Records excerpted from a collection
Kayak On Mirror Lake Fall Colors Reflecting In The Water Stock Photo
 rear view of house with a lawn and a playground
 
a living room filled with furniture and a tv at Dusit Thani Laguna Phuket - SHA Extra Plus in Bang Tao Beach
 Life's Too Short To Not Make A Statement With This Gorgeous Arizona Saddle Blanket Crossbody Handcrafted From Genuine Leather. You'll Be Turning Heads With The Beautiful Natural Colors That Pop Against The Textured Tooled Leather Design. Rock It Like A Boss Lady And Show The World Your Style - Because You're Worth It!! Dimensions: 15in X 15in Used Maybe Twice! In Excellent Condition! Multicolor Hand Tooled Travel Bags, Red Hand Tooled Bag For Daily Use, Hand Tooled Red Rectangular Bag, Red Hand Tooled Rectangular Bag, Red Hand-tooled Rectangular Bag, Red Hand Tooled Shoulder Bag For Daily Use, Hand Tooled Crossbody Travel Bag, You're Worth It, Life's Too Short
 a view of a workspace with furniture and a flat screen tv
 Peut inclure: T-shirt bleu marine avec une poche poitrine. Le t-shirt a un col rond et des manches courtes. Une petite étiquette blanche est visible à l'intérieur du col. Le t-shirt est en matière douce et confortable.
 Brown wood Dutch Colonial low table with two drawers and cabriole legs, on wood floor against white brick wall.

### [YOUR GOAL]
If a line in the records holds the string "furniture", copy it.

### [SOLVED PROBLEM]
a living room filled with furniture and a tv at Dusit Thani Laguna Phuket - SHA Extra Plus in Bang Tao Beach
 a view of a workspace with furniture and a flat screen tv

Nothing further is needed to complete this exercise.